GetHapIdsForTaxonPlugin method question
Entering edit mode
4 months ago
kathrynm • 0


I am trying to extract SNPs for the parental assemblies from my DB.

Here is the docker command I am using:

sudo docker run --name hapPaths_assemblies --rm \
        -v /home/kathrynmichel/KaepplerDeLeon-T330-Mount/Assemblies/PHG/Nov2020_B73v5/:/phg/ \
        -t maizegenetics/phg:latest \
        /tassel-5-standalone/ -debug -Xmx100G \
        -GetHapIdsForTaxonPlugin -configFile /phg/config.txt \
        -taxaList /phg/assemblyTaxa.txt \
        -outputDir /phg/hapPaths/ -methods CONSENSUS_mxDiv0.0001 -endPlugin >logs/getHapPaths_mummer4_7.log

The assemblyTaxa.txt file contains two extra progeny lines for the sake of testing.
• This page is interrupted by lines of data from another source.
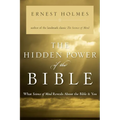 The Hidden Power of the Bible: What Science of Mind Reveals About the Bible & You - Paperback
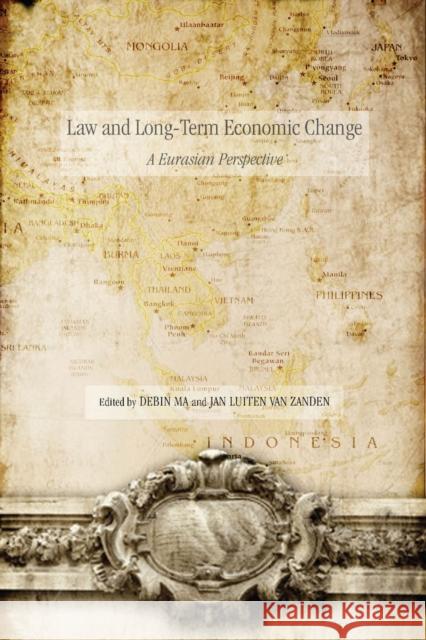 Law and Long-Term Economic Change: A Eurasian Perspective Ma, Debin 9780804772730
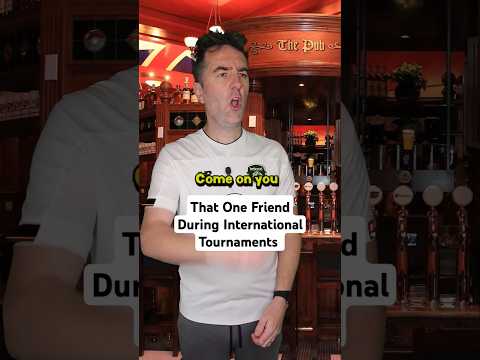 That One Friend During International Tournaments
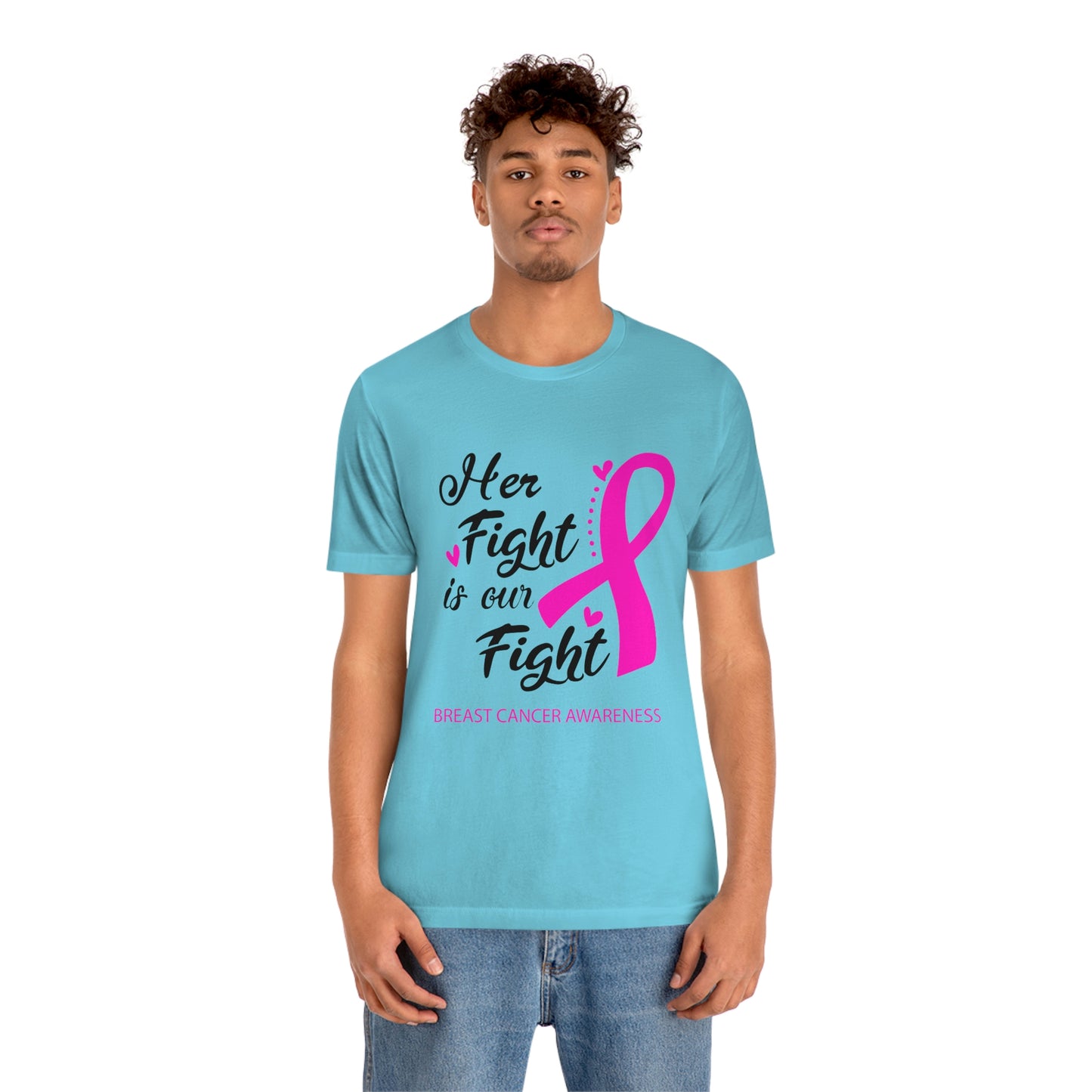 Her fight is our fight (white font) Tee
When I run the method as either mummer4 or CONSENSUS_mxDiv0.0001, I get this output:

Memory Settings: -Xms512m -Xmx100G
Tassel Pipeline Arguments: -debug -GetHapIdsForTaxonPlugin -configFile /phg/config.txt -taxaList /phg/assemblyTaxa.txt -outputDir /phg/hapPaths/ -methods CONSENSUS_mxDiv0.0001 -endPlugin
[main] INFO net.maizegenetics.tassel.TasselLogging - Tassel Version: 5.2.64  Date: July 9, 2020
[main] INFO net.maizegenetics.tassel.TasselLogging - Max Available Memory Reported by JVM: 91022 MB
[main] INFO net.maizegenetics.tassel.TasselLogging - Java Version: 1.8.0_212
[main] INFO net.maizegenetics.tassel.TasselLogging - OS: Linux
[main] INFO net.maizegenetics.tassel.TasselLogging - Number of Processors: 24
[main] INFO net.maizegenetics.pipeline.TasselPipeline - Tassel Pipeline Arguments: [-fork1, -GetHapIdsForTaxonPlugin, -configFile, /phg/config.txt, -taxaList, /phg/assemblyTaxa.txt, -outputDir, /phg/hapPaths/, -methods, CONSENSUS_mxDiv0.0001, -endPlugin, -runfork1]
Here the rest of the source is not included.